Re: FlinkStateBackendFactory

Posted by Eleanore Jin <el...@gmail.com>.
Hi Max,

Thanks for the response! the reason to setup the state backend is to
experiment Kafka EOS with Beam running on Flink.  Reading through the code
and this PR <https://github.com/apache/beam/pull/7991/files>, can you
please help me clarify my understanding?

1. Beam uses KafkaExactlyOnceSink to publish messages to achieve
EOS, ExactlyOnceWriter processElement method is annotated
with @RequiresStableInput, so all the messages will be cached by
KeyedBufferingElementsHandler,
only after checkpoint succeeds, those messages will be processed by
ExactlyOnceWriter?

2. Upon checkpoint, will those messages cached by
KeyedBufferingEleementsHandler also checkpointed?

3. It seems the way Beam provides Kafka EOS will introduce delays in the
stream processing, the delay is based on the checkpoint interval? How to
reduce the latency while still have EOS guarantee?
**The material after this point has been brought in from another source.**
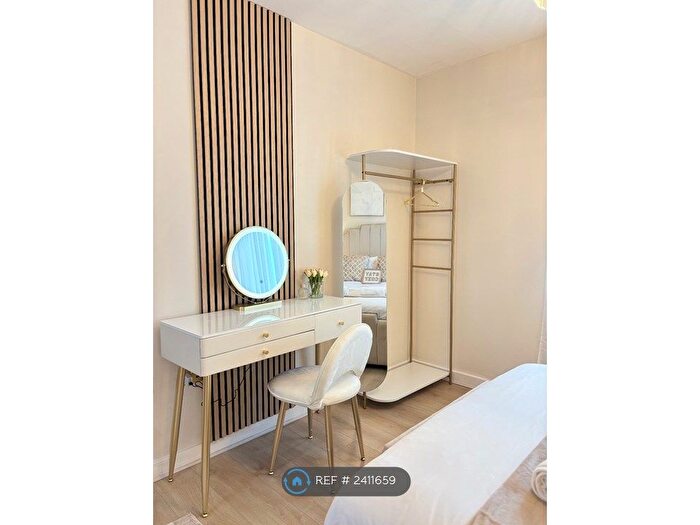 2 Bedroom Flat To Rent In Bouverie Court, Leeds, LS9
4. commitOffsetsInFinalize is also enabled, does this mean, upon checkpoint
successfully, the checkpointed offset will be committed back to kafka, but
if this operation does not finish successfully, and then the job gets
cancelled/stopped, and re-submit the job again (with the same consumer
group for source topics, but different jobID), then it is possible
duplicated processing still exists? because the consumed offset is not
committed back to kafka?

Thanks a lot!
Eleanore

On Thu, Mar 5, 2020 at 12:46 AM Maximilian Michels <mx...@apache.org> wrote:

> Hi Eleanore,
>
> Good question. I think the easiest way is to configure this in the Flink
> configuration file, i.e. flink-conf.yaml. Then you don't need to set
> anything in Beam.
>
> If you want to go with your approach, then just use
> getClass().getClassLoader() unless you have some custom classloader for
> loading your state backend.
>
> Cheers,
> Max
>
> On 04.03.20 01:39, Jin Yi wrote:
> > Hi Experts,
> >
> > I am running Beam application with Flink Runner. I would like to set
> > State Backend to be FsStateBackend instead of MemoryStateBackend.
> >
> > in FlinkPipelineOptions.java
> >
> > I should be able to call setStateBackendFactory(), but I did not find
> > any provided implementations for FlinkStateBackendFactory interface, so
> > that means I have to implement my own?
> >
> > Thanks a lot!
> > Eleanore
> >
> > /**
> > * State backend to store Beam's state during computation. Note: Only
> > applicable when executing in
> > * streaming mode.
> > */
> > @Description(
> >      "Sets the state backend factory to use in streaming mode. "
> > +"Defaults to the flink cluster's state.backend configuration.")
> > Class<?extends FlinkStateBackendFactory> getStateBackendFactory();
> >
> > void setStateBackendFactory(Class<?extends FlinkStateBackendFactory>
> stateBackendFactory);
> >
>

Re: FlinkStateBackendFactory

Posted by Maximilian Michels <mx...@apache.org>.
Hi Eleanore,

Good question. I think the easiest way is to configure this in the Flink 
configuration file, i.e. flink-conf.yaml. Then you don't need to set 
anything in Beam.

If you want to go with your approach, then just use 
getClass().getClassLoader() unless you have some custom classloader for 
loading your state backend.

Cheers,
Max

On 04.03.20 01:39, Jin Yi wrote:
> Hi Experts,
> 
> I am running Beam application with Flink Runner. I would like to set 
> State Backend to be FsStateBackend instead of MemoryStateBackend.
> 
> in FlinkPipelineOptions.java
> 
> I should be able to call setStateBackendFactory(), but I did not find 
> any provided implementations for FlinkStateBackendFactory interface, so 
> that means I have to implement my own?
> 
> Thanks a lot!
> Eleanore
> 
> /**
> * State backend to store Beam's state during computation. Note: Only 
> applicable when executing in
> * streaming mode.
> */
> @Description(
>      "Sets the state backend factory to use in streaming mode. "
> +"Defaults to the flink cluster's state.backend configuration.")
> Class<?extends FlinkStateBackendFactory> getStateBackendFactory();
> 
> void setStateBackendFactory(Class<?extends FlinkStateBackendFactory> stateBackendFactory);
>